Jorge, who fled the communist-run island two years ago to the United States, won a gold medal in Toyko in 2020 for Cuba.
He is one of two Cubans on the International Olympic Committee (IOC) refugee team, which has included citizens from the nation for the first time since it first competed in Rio in 2016.
The COC in a statement published in local media demanded "the immediate expulsion of the aforementioned athlete from the Paris 2024 Olympic Games."
According to the statement, Jorge, 25, violated "the rules that govern the International Olympic Movement" by making "disrespectful and false political statements against his country, his people and the sports movement that allowed him to be Olympic champion in Tokyo-2020."
The COC also denounced the decision to include Cubans on the refugee team, even though the IOC recognizes "that none of these athletes ... are uprooted by war or persecuted."
"This confirms Cuba's concerns about the true political motivation of the inclusion of athletes of Cuban origin" in the refugee team, said the statement.
The COC said the goal was "to attack the image of the Cuban sports movement."
The Olympic refugee team includes 36 athletes from 12 countries.

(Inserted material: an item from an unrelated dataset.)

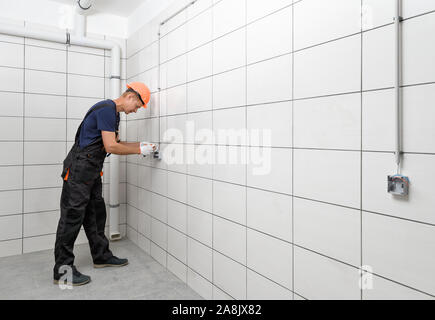The electrician is installing an electrical outlet on the wall. Stock Photo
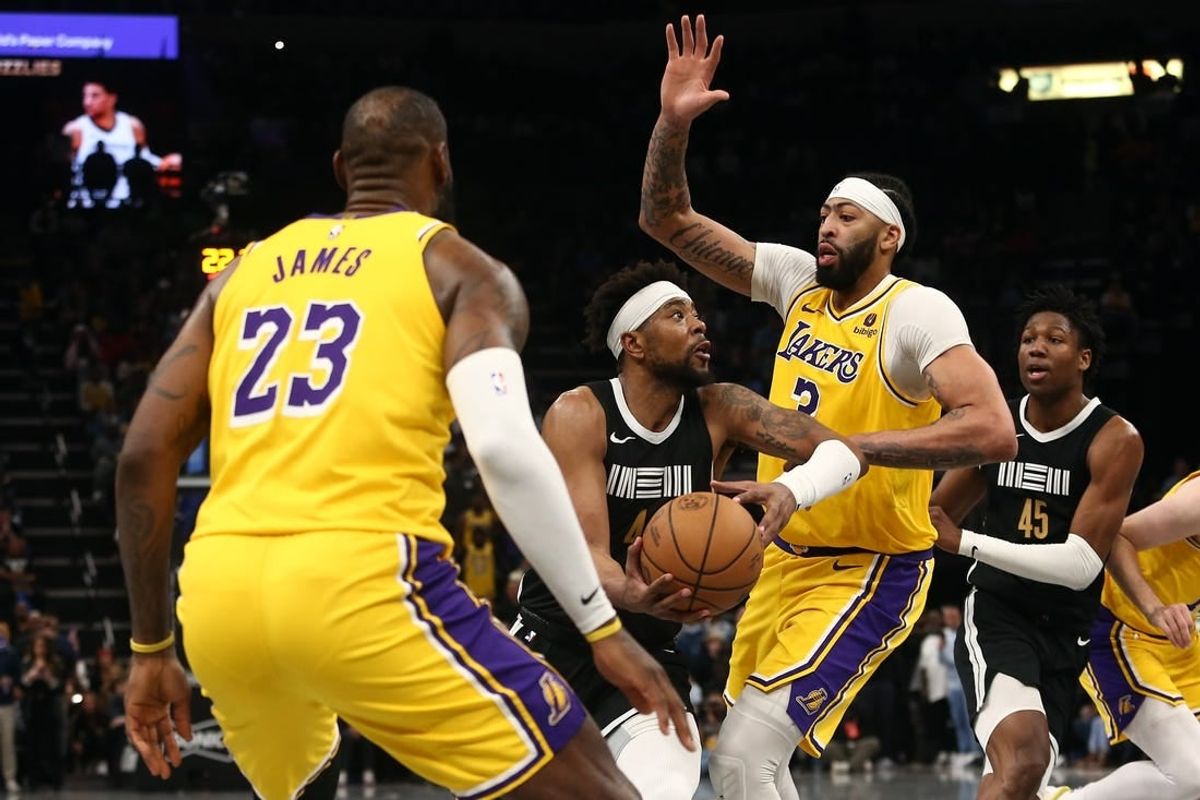 Apr 12, 2024; Memphis, Tennessee, USA; Memphis Grizzlies guard Jordan Goodwin (4) drives to the basket between Los Angeles Lakers forward LeBron James (23) and forward Anthony Davis (3) during the second half at FedExForum.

The other Cuban citizen is weightlifter Ramiro Mora, who is based in Great Britain.
Cuba's bleak economic circumstances have pushed some five percent of the population to flee in recent years, many to the United States.
In a recent interview with AFP in Florida, where he is training, Jorge described how he "defected" during a training camp in Mexico City in March 2022.
He sneaked across the border with the United States with a colleague after a 15-day ordeal in which they tried hard to go unnoticed and avoid getting kidnapped for ransom.
When trying to cross the dangerous Rio Grande, he heard the screams of a woman in distress and leaped in to save her.
"I told her, 'come on, we're going to make it,'" he recalled.
Despite his heroic actions and Olympic gold, he was treated like anyone else who entered the country without papers.
However, his asylum request has since been granted and after a long wait, he was accepted on the Refugee Olympic Team.
"I was bursting with happiness," Jorge said. "I am going to represent that flag with so much pride."